Crawled caption data
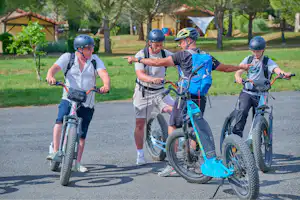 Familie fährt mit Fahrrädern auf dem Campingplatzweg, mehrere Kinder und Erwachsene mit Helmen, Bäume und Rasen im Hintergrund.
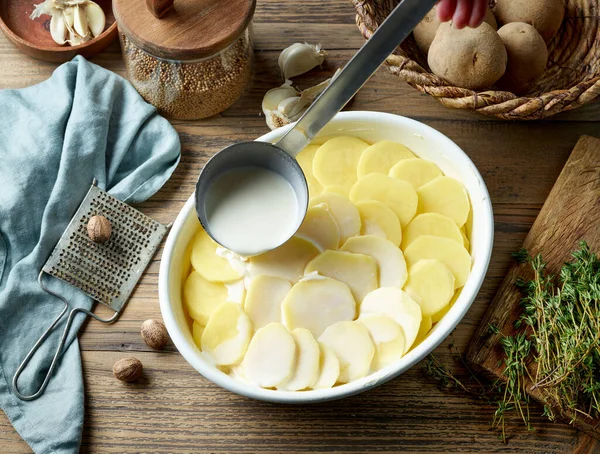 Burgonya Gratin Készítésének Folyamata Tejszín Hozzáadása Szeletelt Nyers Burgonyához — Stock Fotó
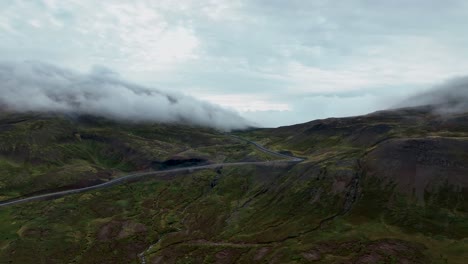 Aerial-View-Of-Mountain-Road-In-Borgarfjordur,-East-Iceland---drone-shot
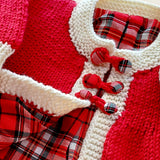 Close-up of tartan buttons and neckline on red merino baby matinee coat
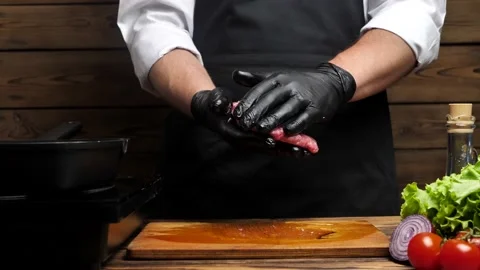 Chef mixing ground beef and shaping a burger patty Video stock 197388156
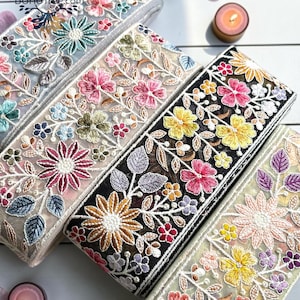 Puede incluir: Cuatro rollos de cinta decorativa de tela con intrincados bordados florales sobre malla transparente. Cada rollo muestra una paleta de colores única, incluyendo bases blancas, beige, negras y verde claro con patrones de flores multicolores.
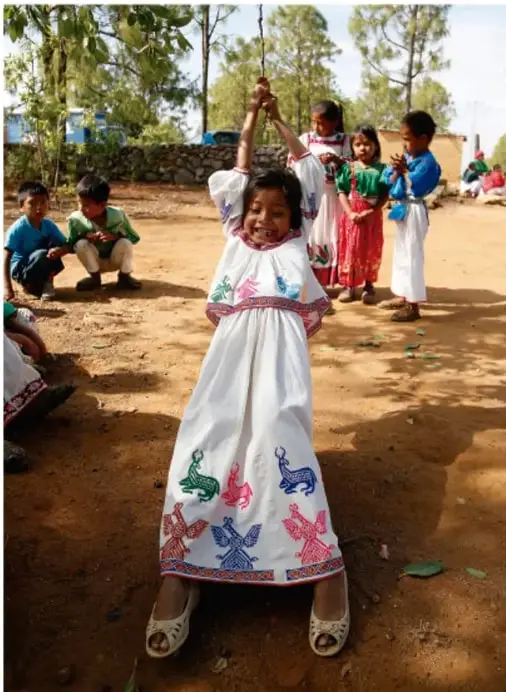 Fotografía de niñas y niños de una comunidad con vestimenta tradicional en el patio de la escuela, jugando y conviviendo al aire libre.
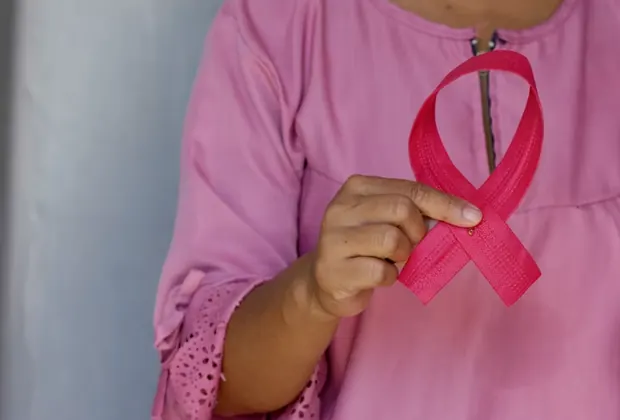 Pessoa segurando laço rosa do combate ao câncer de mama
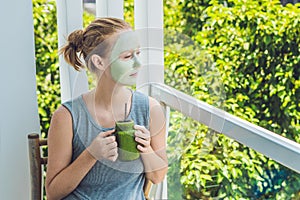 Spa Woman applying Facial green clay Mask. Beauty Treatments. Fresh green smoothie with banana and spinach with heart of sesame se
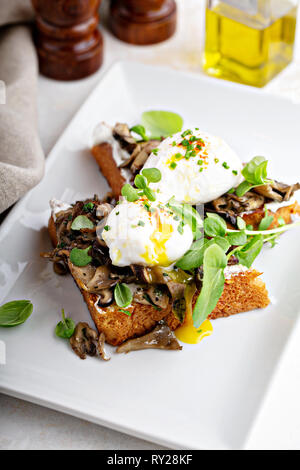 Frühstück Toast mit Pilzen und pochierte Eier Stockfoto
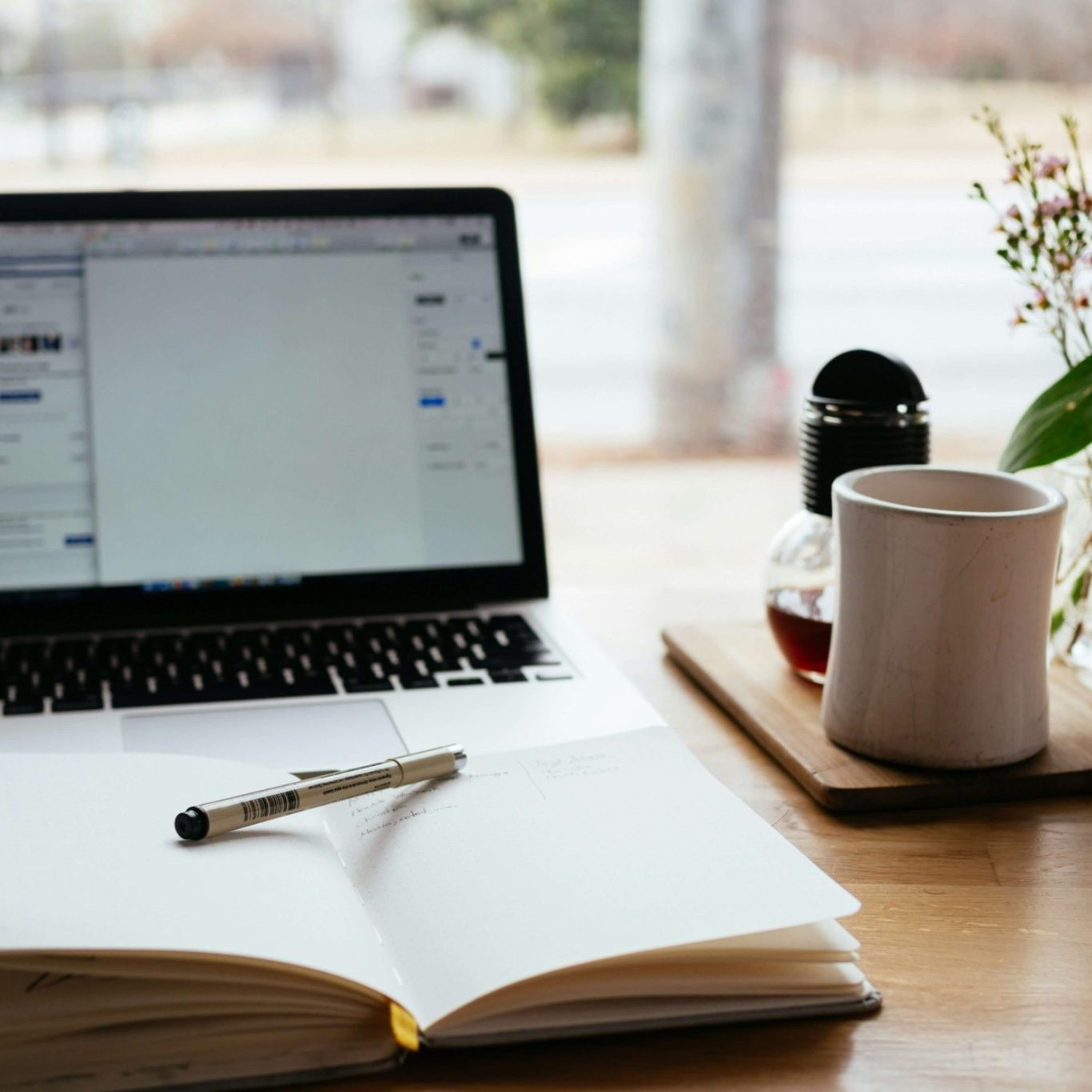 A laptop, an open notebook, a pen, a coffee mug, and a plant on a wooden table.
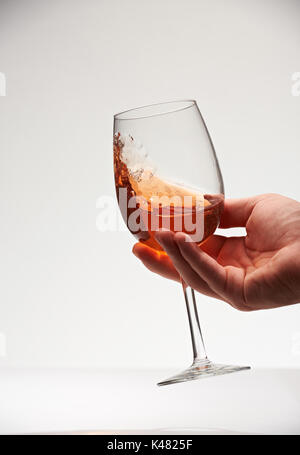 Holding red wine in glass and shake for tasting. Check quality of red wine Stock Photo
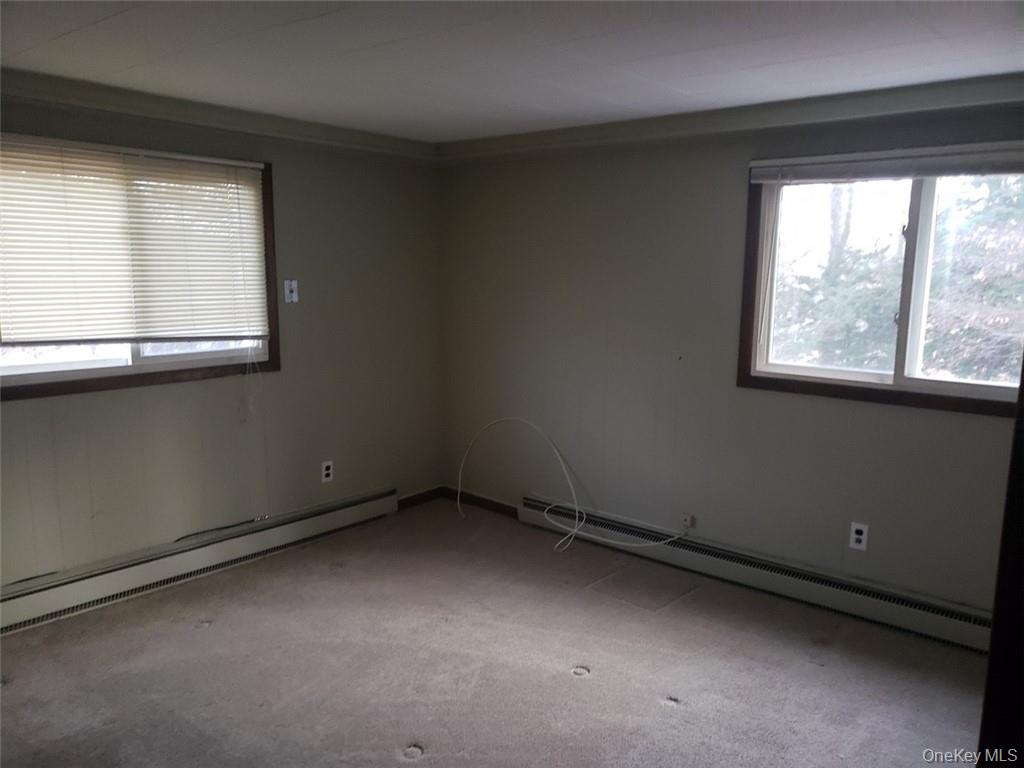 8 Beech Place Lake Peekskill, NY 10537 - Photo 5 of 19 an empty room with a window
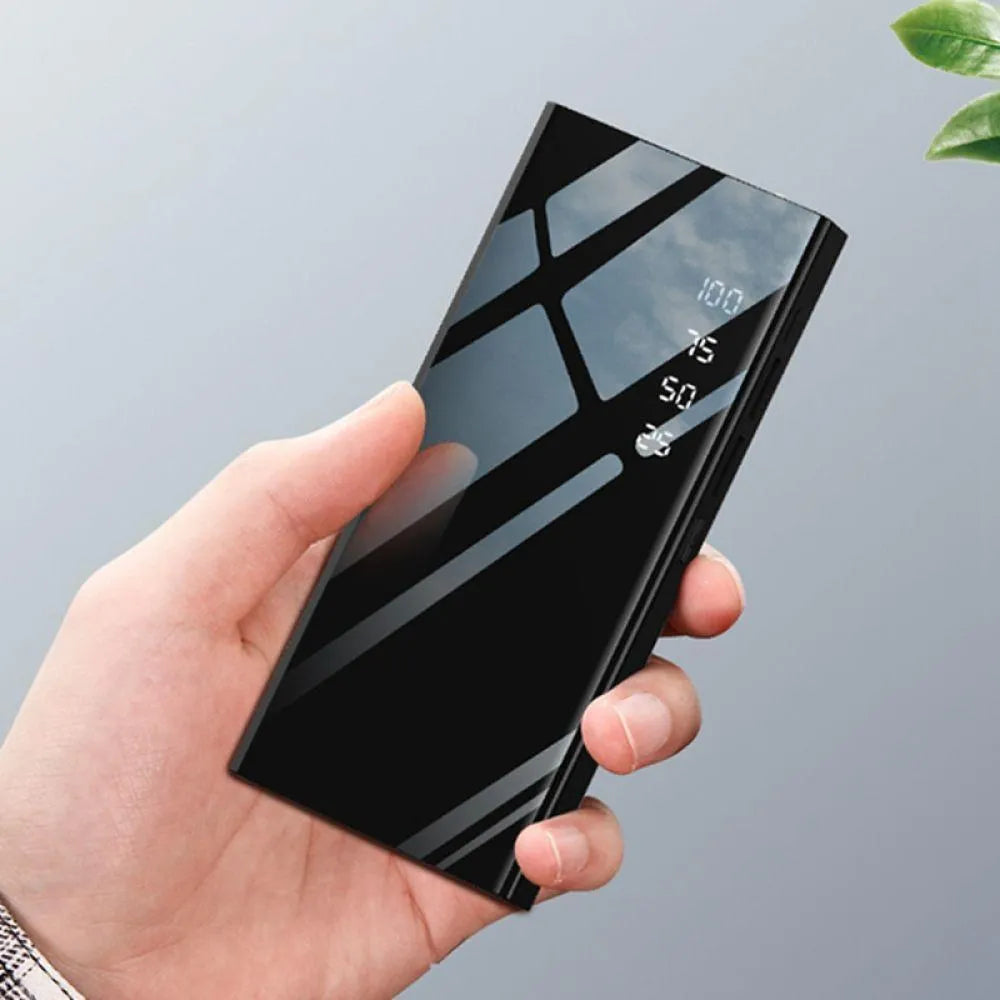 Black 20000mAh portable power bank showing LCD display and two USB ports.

## Task
Transcribe exactly, and only, the lines from the one containing "Chef mixing ground" through the last line of the records above, both included; leave out the pictures.

## Response area
 Chef mixing ground beef and shaping a burger patty Video stock 197388156
 Puede incluir: Cuatro rollos de cinta decorativa de tela con intrincados bordados florales sobre malla transparente. Cada rollo muestra una paleta de colores única, incluyendo bases blancas, beige, negras y verde claro con patrones de flores multicolores.
 Fotografía de niñas y niños de una comunidad con vestimenta tradicional en el patio de la escuela, jugando y conviviendo al aire libre.
 Pessoa segurando laço rosa do combate ao câncer de mama
 Spa Woman applying Facial green clay Mask. Beauty Treatments. Fresh green smoothie with banana and spinach with heart of sesame se
 Frühstück Toast mit Pilzen und pochierte Eier Stockfoto
 A laptop, an open notebook, a pen, a coffee mug, and a plant on a wooden table.
 Holding red wine in glass and shake for tasting. Check quality of red wine Stock Photo
 8 Beech Place Lake Peekskill, NY 10537 - Photo 5 of 19 an empty room with a window
 Black 20000mAh portable power bank showing LCD display and two USB ports.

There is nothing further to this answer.